The impact of increased regulation has been for the regulated to increase focus on how to minimise or circumvent the impact of past or impending regulation; the regulator has more impact on the bottom line than customers. We have slowly transitioned to a world of regulation, standards, contracts, compliance and a focus on what the regulator will think or the contract stipulates, rather than one of corporate purpose, compassion, integrity and a focus on what the customer wants. The impact of increasing regulation and onerous contracts is to distract management further from the true purpose of their respective companies.

Would a more onerous contract make you focus on the goals of your company more or on ensuring the contract is met?  Are the two the same?  Clearly not.

But this leads to a regulatory conundrum. With less contract or regulation, companies have the opportunity to profit maximise with the risk of the short-term behaviour described above.
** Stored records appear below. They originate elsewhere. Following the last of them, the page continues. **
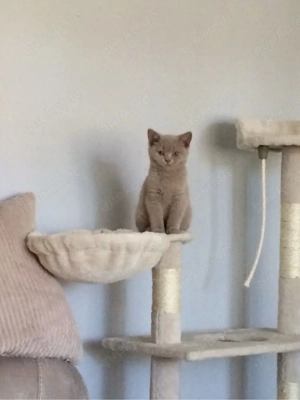 BKH kater 12 abholbereit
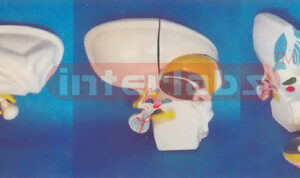 ENLARGED MODEL OF THE DIENCEPHALON Manufacturers and Suppliers From Ambala India
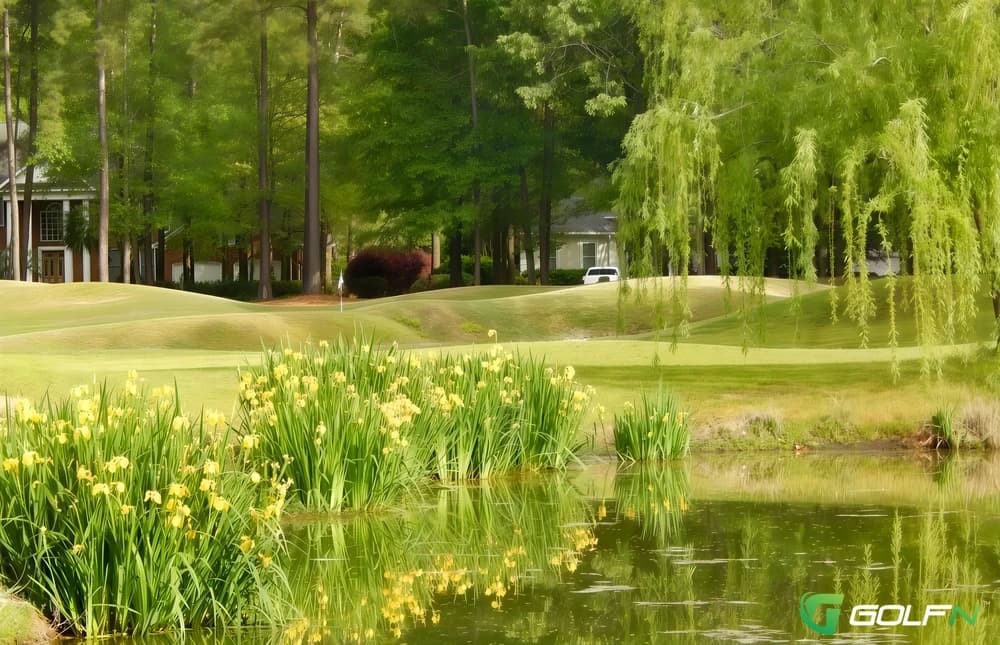 Coosaw Creek Country Club in North Charleston, South Carolina — semi-private, 18-hole golf course, designed by Arthur Hills (1992)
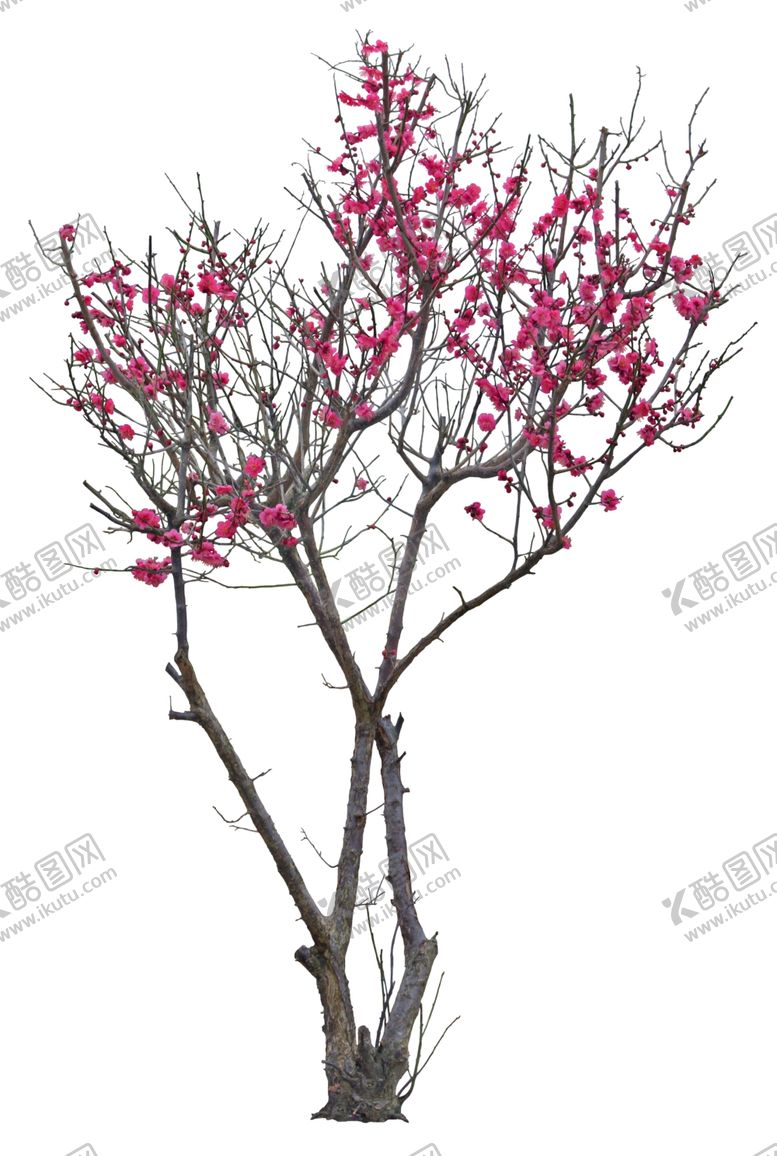 编号：66645509261609299875【酷图网】源文件下载-免扣植物素材图片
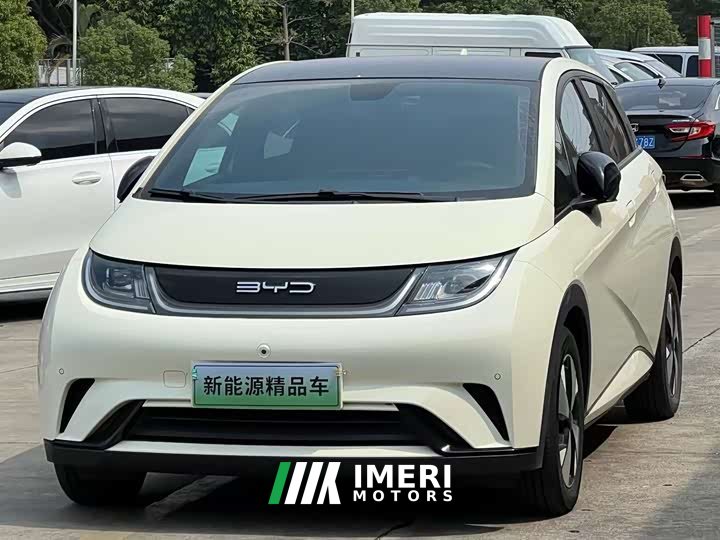 BYD Dolphin 420km Fashion Edition - ავტომობილი ჩინეთიდან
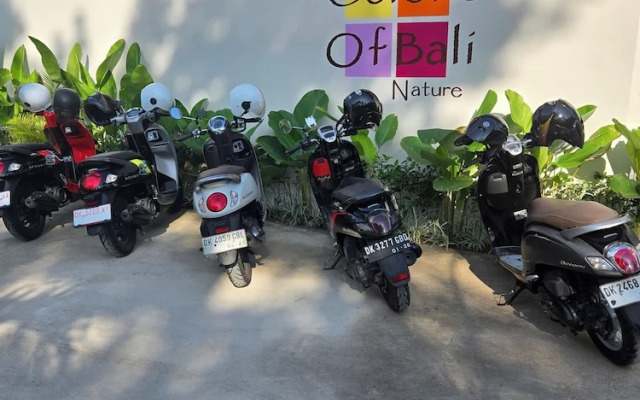 United Colors Of Bali Nature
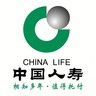 行政综合岗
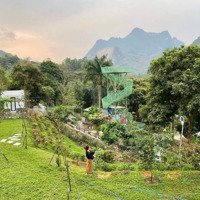 Cần Chuyển Nhượng Khu Retreat Nghỉ Dưỡng Trong Lòng Tp Hoà Bình, 10,527M2, 14,5 Tỷ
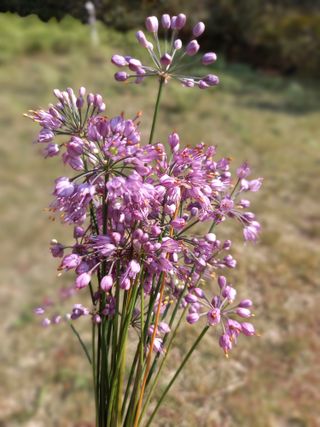 연향님의 자유주제 · 자유게시판 작성글 사진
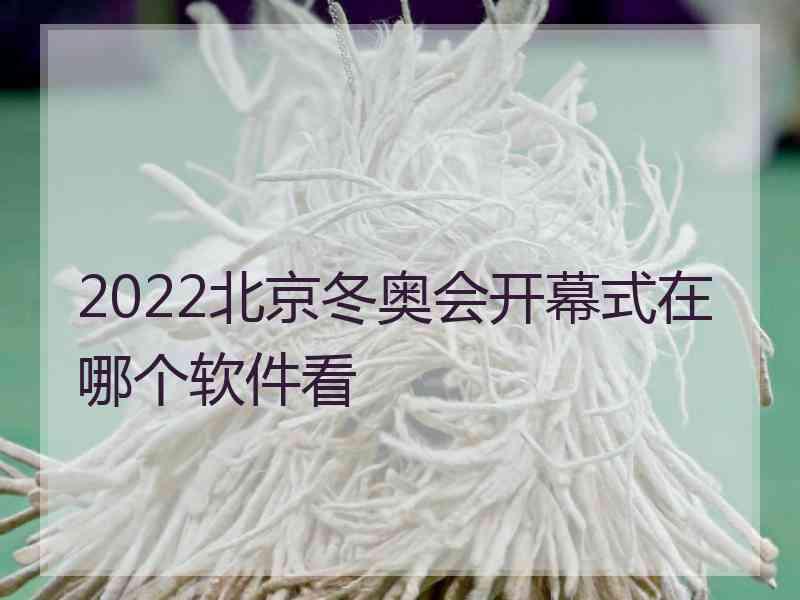 2022北京冬奥会开幕式在哪个软件看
With increased regulation or contractual controls, that will be management's focus, rather than on running the business.

With the current direction of travel, the regulated model feels close to the edge; increased regulation has not addressed many of the perceived failings of utilities and has soured the relationship and public perception of utilities, whilst aggressive financial engineering by utilities may test the solvency of some of the largest amongst them and short-term profit maximising behaviour is still seen to prevail.

Now that most PFIs are in the operational phase, the successful delivery of each project is easily forgotten, and the focus is on how well they perform against contract, or how flexible and customer focused they are, rather than just satisfying the contract, where by design the PFI structure or actual performance is falling short.

How can change be introduced so that management focus is on the goals and values of the company, its customers and stakeholders, not its shareholders, contracts or regulators?